# It's That Time Of Year. Keep Them Safe!



## ozarkian (Dec 11, 2010)




----------



## glasswrongsize (Sep 15, 2015)

Smart move as cows are easily confused with "slow elk" 

Mark


----------



## Vol (Jul 5, 2009)

Anyone that could possibly mistake cattle for deer while hunting needs to be banned for life from firearm possession or usage.

Regards, Mike


----------



## ozarkian (Dec 11, 2010)

Anyone that could possibly mistake cattle for deer while hunting needs to be banned for life from firearm possession or usage.

Regards, Mike

Agreed.


----------



## luke strawwalker (Jul 31, 2014)

ozarkian said:


>


Should help the less knowledgeable hunters differentiate between those rare black angus deer running around and their lookalike cows...

Later! OL J R


----------



## CowboyRam (Dec 13, 2015)

Years ago there was someone that had a horse shot out from under him during hunting season up on the Grand Mesa near Grand Junction Colorado. I don't remember if they ever caught the guy; that had to be almost 30 years ago.


----------



## CowboyRam (Dec 13, 2015)

Dad had a horse shot during deer season north of Craig Colorado, and the guy never was caught. We think that they were mad because grandpa chased them off the ranch he had at that time.


----------



## OhioHay (Jun 4, 2008)

Had some city folk come down and hunt in the area. They tried to tag a couple goats they shot.


----------



## Wethay (Jul 17, 2015)

I tend to have more fun poacher hunting than deer hunting. We have a dead end lane and the people that drive up it slow with a rifle in their hands are never road hunting, just ask them. Then of course I don't park farm equipment in the driveway so they can't leave, but sometimes it breaks down in the most inconvenient places and if I don't think they get the message the sheriff can help me get it going.


----------



## SCtrailrider (May 1, 2016)

Wethay said:


> I tend to have more fun poacher hunting than deer hunting. We have a dead end lane and the people that drive up it slow with a rifle in their hands are never road hunting, just ask them. Then of course I don't park farm equipment in the driveway so they can't leave, but sometimes it breaks down in the most inconvenient places and if I don't think they get the message the sheriff can help me get it going.

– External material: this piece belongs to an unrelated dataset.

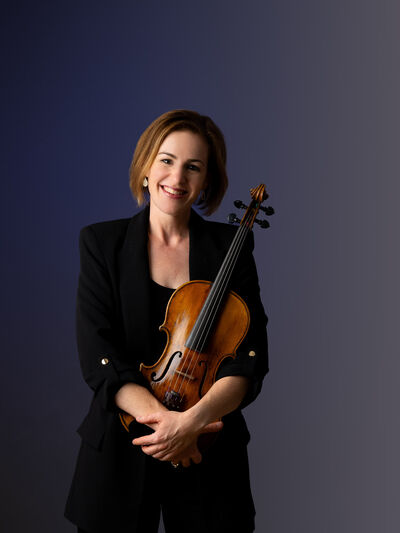 Professional portrait of Theresa Rudolph holding her viola against a dark blue backdrop.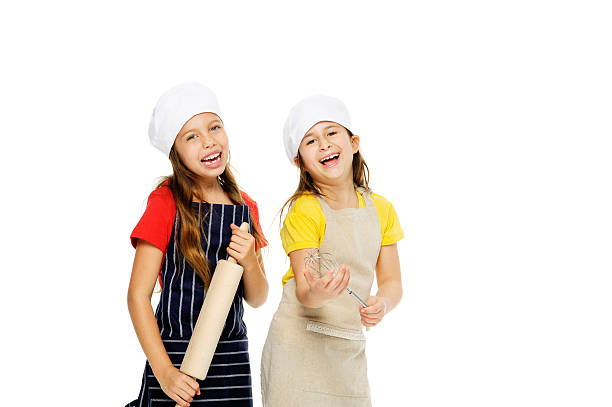 child chef girl cooks friends playing kitchen together having fun isolated on white background.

Yea, they have a hard time driving on 4 flat tires and a leaking radiator in these parts....


----------



## somedevildawg (Jun 20, 2011)

SCtrailrider said:


> Yea, they have a hard time driving on 4 flat tires and a leaking radiator in these parts....


Had a friend of mine that had run a feller off of fishin in his pond....twice....so the next time he goes down and shoots out the tires and puts one thru the radiator. They brought him up on charges, guy was of color, made a big deal out of it in the local press....he had to do three weekends in lockup, my buddy was Sherrif so he let him stay in his own private room. He had to buy the guy another car....I asked him if he would do it again...."absolutely, aint had to run a soul out of my ponds since"


----------



## SCtrailrider (May 1, 2016)

LOL... I never said to leave a note or tell folks, just sit in the bushes and watch ....


----------